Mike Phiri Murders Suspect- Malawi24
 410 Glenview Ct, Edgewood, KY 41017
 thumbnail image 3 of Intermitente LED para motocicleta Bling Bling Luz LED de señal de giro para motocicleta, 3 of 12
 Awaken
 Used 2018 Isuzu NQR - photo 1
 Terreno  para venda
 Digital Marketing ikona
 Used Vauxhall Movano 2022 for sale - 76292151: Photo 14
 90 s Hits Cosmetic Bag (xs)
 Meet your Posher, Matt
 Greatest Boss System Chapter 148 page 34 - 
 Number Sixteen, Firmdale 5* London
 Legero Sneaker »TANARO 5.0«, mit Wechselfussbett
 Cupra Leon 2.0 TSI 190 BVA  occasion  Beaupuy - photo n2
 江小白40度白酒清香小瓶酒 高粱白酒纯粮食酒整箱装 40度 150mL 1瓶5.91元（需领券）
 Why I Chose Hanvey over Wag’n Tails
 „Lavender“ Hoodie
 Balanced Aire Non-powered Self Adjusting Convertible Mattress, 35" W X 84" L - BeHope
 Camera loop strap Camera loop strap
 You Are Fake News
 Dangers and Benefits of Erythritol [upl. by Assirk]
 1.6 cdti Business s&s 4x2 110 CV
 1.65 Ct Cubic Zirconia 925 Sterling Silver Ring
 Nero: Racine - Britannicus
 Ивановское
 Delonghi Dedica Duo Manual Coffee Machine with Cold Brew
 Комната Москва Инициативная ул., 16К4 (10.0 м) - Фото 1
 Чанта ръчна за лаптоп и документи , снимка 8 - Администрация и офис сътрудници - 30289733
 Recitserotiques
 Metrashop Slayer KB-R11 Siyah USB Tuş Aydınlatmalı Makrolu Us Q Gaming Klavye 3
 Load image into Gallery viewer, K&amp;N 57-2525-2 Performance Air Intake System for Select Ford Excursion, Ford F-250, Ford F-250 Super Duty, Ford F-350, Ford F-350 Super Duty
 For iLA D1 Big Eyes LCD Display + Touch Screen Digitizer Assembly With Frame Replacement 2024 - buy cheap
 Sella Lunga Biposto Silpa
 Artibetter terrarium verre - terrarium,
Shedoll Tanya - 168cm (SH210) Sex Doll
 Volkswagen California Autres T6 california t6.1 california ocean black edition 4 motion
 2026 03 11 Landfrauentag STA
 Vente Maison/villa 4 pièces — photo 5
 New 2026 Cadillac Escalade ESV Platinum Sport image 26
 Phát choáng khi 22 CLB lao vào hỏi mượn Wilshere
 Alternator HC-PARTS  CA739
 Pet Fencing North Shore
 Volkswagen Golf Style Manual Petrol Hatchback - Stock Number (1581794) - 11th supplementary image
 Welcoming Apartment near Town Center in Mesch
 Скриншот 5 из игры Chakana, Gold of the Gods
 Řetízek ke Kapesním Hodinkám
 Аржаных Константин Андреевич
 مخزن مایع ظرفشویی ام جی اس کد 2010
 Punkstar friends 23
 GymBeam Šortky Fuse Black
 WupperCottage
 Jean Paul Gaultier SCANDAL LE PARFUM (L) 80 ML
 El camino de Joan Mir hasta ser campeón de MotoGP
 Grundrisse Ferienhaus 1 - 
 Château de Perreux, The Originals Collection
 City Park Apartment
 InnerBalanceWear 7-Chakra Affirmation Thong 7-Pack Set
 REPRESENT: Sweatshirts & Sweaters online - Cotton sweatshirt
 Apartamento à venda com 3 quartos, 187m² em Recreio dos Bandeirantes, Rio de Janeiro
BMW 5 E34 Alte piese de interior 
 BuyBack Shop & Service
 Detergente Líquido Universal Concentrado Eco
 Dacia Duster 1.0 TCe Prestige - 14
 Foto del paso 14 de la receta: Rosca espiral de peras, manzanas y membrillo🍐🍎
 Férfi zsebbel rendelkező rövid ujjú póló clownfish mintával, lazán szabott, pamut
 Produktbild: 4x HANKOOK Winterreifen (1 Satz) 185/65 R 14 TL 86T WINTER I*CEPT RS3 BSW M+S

**TASK GOAL**
Return the whole listing, word for word.

**SOLUTION FOR THIS TASK**
Mike Phiri Murders Suspect- Malawi24
 410 Glenview Ct, Edgewood, KY 41017
 thumbnail image 3 of Intermitente LED para motocicleta Bling Bling Luz LED de señal de giro para motocicleta, 3 of 12
 Awaken
 Used 2018 Isuzu NQR - photo 1
 Terreno  para venda
 Digital Marketing ikona
 Used Vauxhall Movano 2022 for sale - 76292151: Photo 14
 90 s Hits Cosmetic Bag (xs)
 Meet your Posher, Matt
 Greatest Boss System Chapter 148 page 34 - 
 Number Sixteen, Firmdale 5* London
 Legero Sneaker »TANARO 5.0«, mit Wechselfussbett
 Cupra Leon 2.0 TSI 190 BVA  occasion  Beaupuy - photo n2
 江小白40度白酒清香小瓶酒 高粱白酒纯粮食酒整箱装 40度 150mL 1瓶5.91元（需领券）
 Why I Chose Hanvey over Wag’n Tails
 „Lavender“ Hoodie
 Balanced Aire Non-powered Self Adjusting Convertible Mattress, 35" W X 84" L - BeHope
 Camera loop strap Camera loop strap
 You Are Fake News
 Dangers and Benefits of Erythritol [upl. by Assirk]
 1.6 cdti Business s&s 4x2 110 CV
 1.65 Ct Cubic Zirconia 925 Sterling Silver Ring
 Nero: Racine - Britannicus
 Ивановское
 Delonghi Dedica Duo Manual Coffee Machine with Cold Brew
 Комната Москва Инициативная ул., 16К4 (10.0 м) - Фото 1
 Чанта ръчна за лаптоп и документи , снимка 8 - Администрация и офис сътрудници - 30289733
 Recitserotiques
 Metrashop Slayer KB-R11 Siyah USB Tuş Aydınlatmalı Makrolu Us Q Gaming Klavye 3
 Load image into Gallery viewer, K&amp;N 57-2525-2 Performance Air Intake System for Select Ford Excursion, Ford F-250, Ford F-250 Super Duty, Ford F-350, Ford F-350 Super Duty
 For iLA D1 Big Eyes LCD Display + Touch Screen Digitizer Assembly With Frame Replacement 2024 - buy cheap
 Sella Lunga Biposto Silpa
 Artibetter terrarium verre - terrarium,
Shedoll Tanya - 168cm (SH210) Sex Doll
 Volkswagen California Autres T6 california t6.1 california ocean black edition 4 motion
 2026 03 11 Landfrauentag STA
 Vente Maison/villa 4 pièces — photo 5
 New 2026 Cadillac Escalade ESV Platinum Sport image 26
 Phát choáng khi 22 CLB lao vào hỏi mượn Wilshere
 Alternator HC-PARTS  CA739
 Pet Fencing North Shore
 Volkswagen Golf Style Manual Petrol Hatchback - Stock Number (1581794) - 11th supplementary image
 Welcoming Apartment near Town Center in Mesch
 Скриншот 5 из игры Chakana, Gold of the Gods
 Řetízek ke Kapesním Hodinkám
 Аржаных Константин Андреевич
 مخزن مایع ظرفشویی ام جی اس کد 2010
 Punkstar friends 23
 GymBeam Šortky Fuse Black
 WupperCottage
 Jean Paul Gaultier SCANDAL LE PARFUM (L) 80 ML
 El camino de Joan Mir hasta ser campeón de MotoGP
 Grundrisse Ferienhaus 1 - 
 Château de Perreux, The Originals Collection
 City Park Apartment
 InnerBalanceWear 7-Chakra Affirmation Thong 7-Pack Set
 REPRESENT: Sweatshirts & Sweaters online - Cotton sweatshirt
 Apartamento à venda com 3 quartos, 187m² em Recreio dos Bandeirantes, Rio de Janeiro
BMW 5 E34 Alte piese de interior 
 BuyBack Shop & Service
 Detergente Líquido Universal Concentrado Eco
 Dacia Duster 1.0 TCe Prestige - 14
 Foto del paso 14 de la receta: Rosca espiral de peras, manzanas y membrillo🍐🍎
 Férfi zsebbel rendelkező rövid ujjú póló clownfish mintával, lazán szabott, pamut
 Produktbild: 4x HANKOOK Winterreifen (1 Satz) 185/65 R 14 TL 86T WINTER I*CEPT RS3 BSW M+S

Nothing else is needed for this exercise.